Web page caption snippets
-------

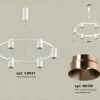 Подвесная люстра Ambrella Light Traditional DIY (С9021, N6135) XB9021153 XB9021153 - 2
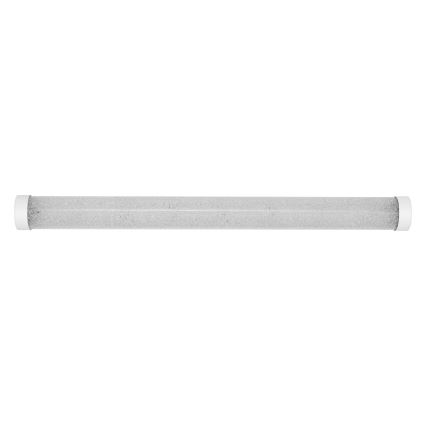 Osram - ORBIS TUBE LED/12W/230V, fényerőszabályozható fürdőszobai tükörvilágítás, 3000/4000K, 60 cm, IP44, fehér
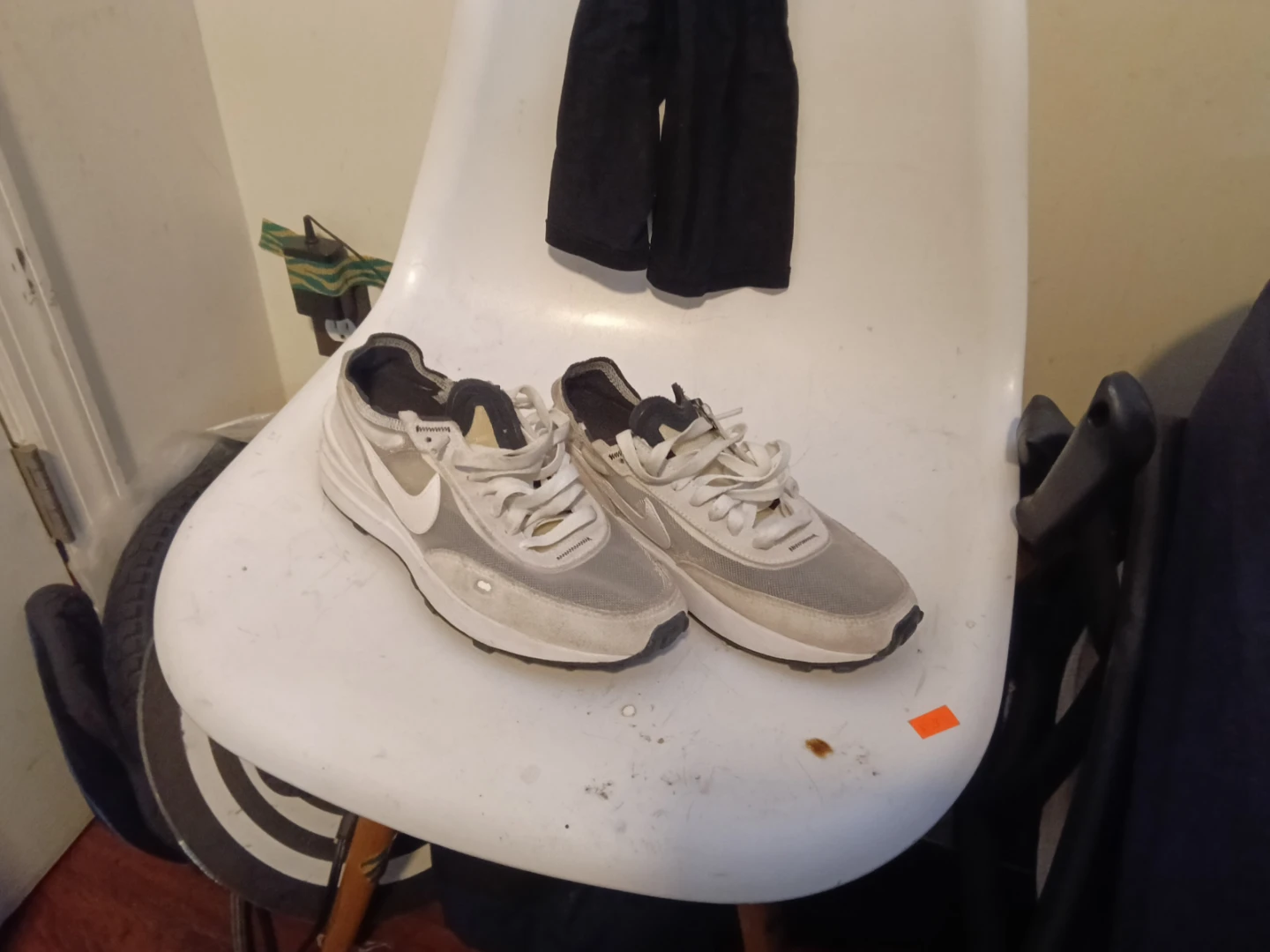 Nike Waffle Debut Shoes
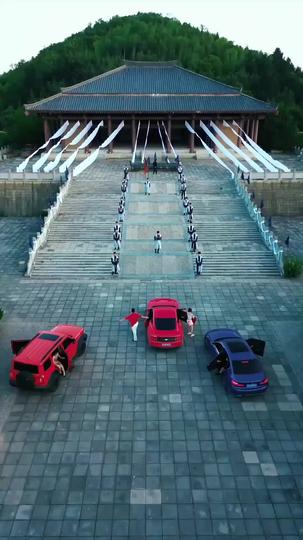 Blades of Glory Episode 3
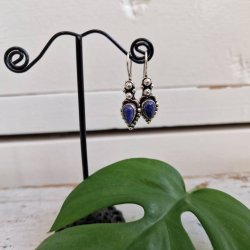 Lapis lazuli reringe S 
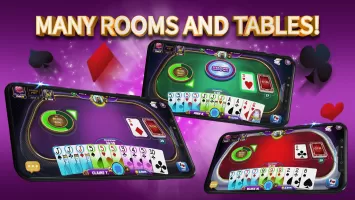 Gin Rummy Elite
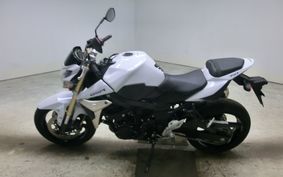 SUZUKI GSR750 2011 C5111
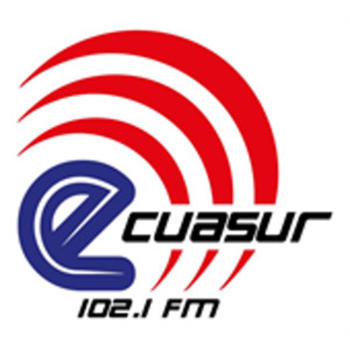 EcuasurFM LOGO-APP點子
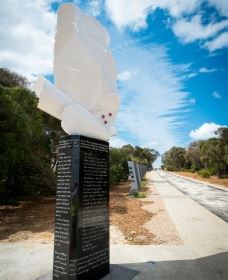 Convoy Walk And Lookout - New South Wales Tourism  0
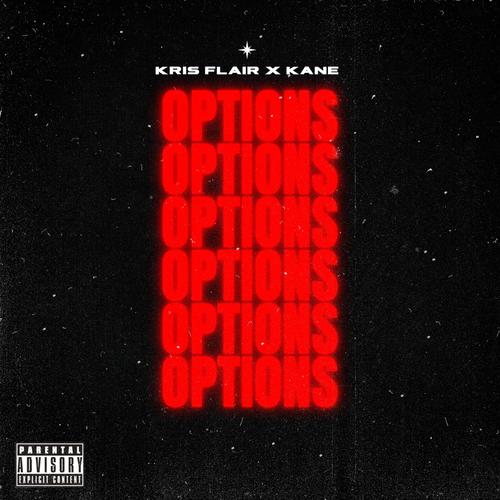 Options (feat. BigBoss Kane) [Explicit]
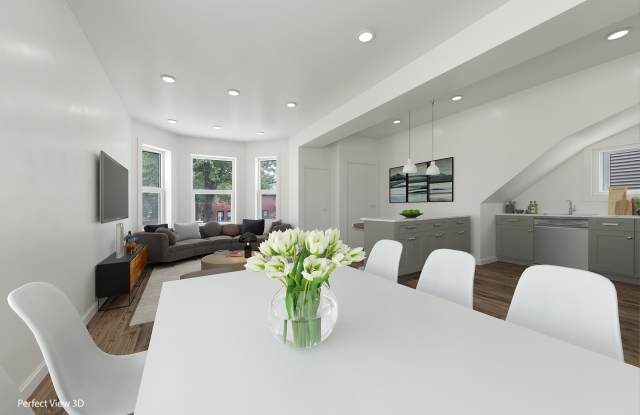 3534 West Wrightwood Avenue Gallery 3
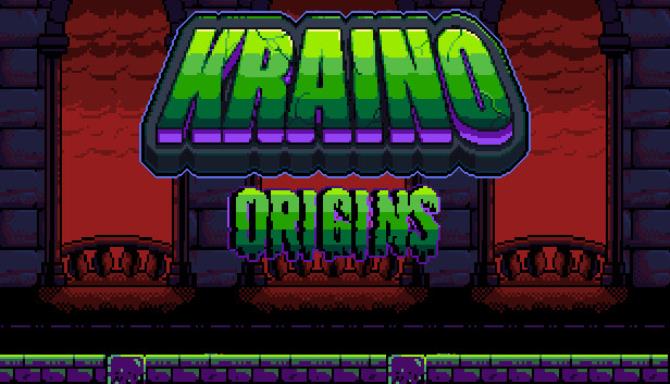 Kraino Origins Free Download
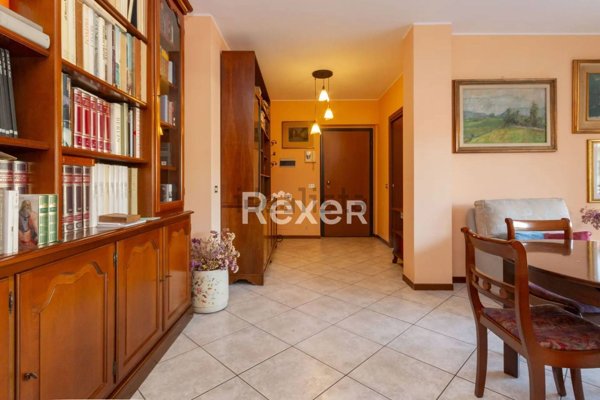 appartamento in vendita a Lissone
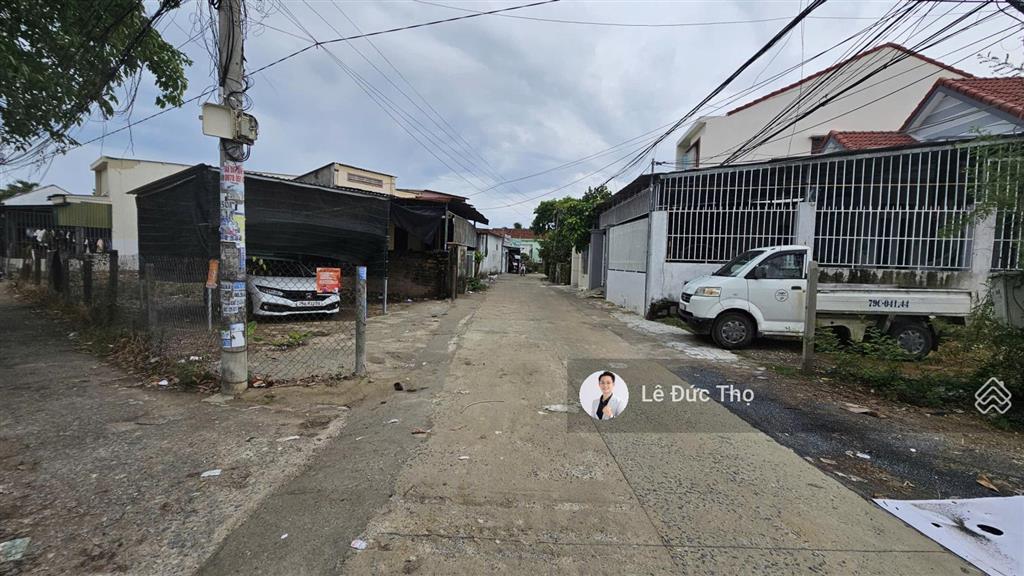 Bán đất phường tây nha trang, đường ô tô gần 23/10, giá tốt, full thổ, sổ hồng riêng, chỉ 26tr/m2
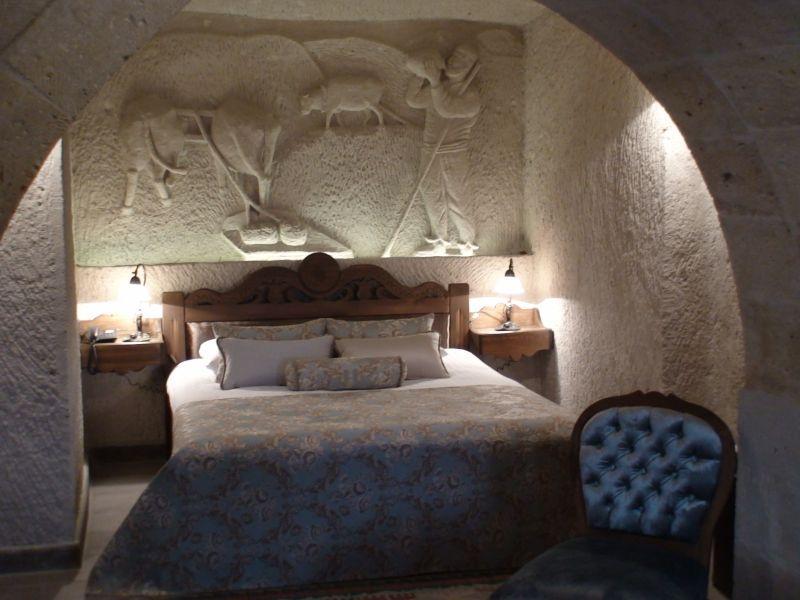 Miras Hotel Cappadocia  0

-------

§ WHAT YOU NEED TO DO:
Skip the images and set down the rest of the data unchanged.

§ EXERCISE OUTPUT:
 Подвесная люстра Ambrella Light Traditional DIY (С9021, N6135) XB9021153 XB9021153 - 2
 Osram - ORBIS TUBE LED/12W/230V, fényerőszabályozható fürdőszobai tükörvilágítás, 3000/4000K, 60 cm, IP44, fehér
 Nike Waffle Debut Shoes
 Blades of Glory Episode 3
 Lapis lazuli reringe S 
 Gin Rummy Elite
 SUZUKI GSR750 2011 C5111
 EcuasurFM LOGO-APP點子
 Convoy Walk And Lookout - New South Wales Tourism  0
 Options (feat. BigBoss Kane) [Explicit]
 3534 West Wrightwood Avenue Gallery 3
 Kraino Origins Free Download
 appartamento in vendita a Lissone
 Bán đất phường tây nha trang, đường ô tô gần 23/10, giá tốt, full thổ, sổ hồng riêng, chỉ 26tr/m2
 Miras Hotel Cappadocia  0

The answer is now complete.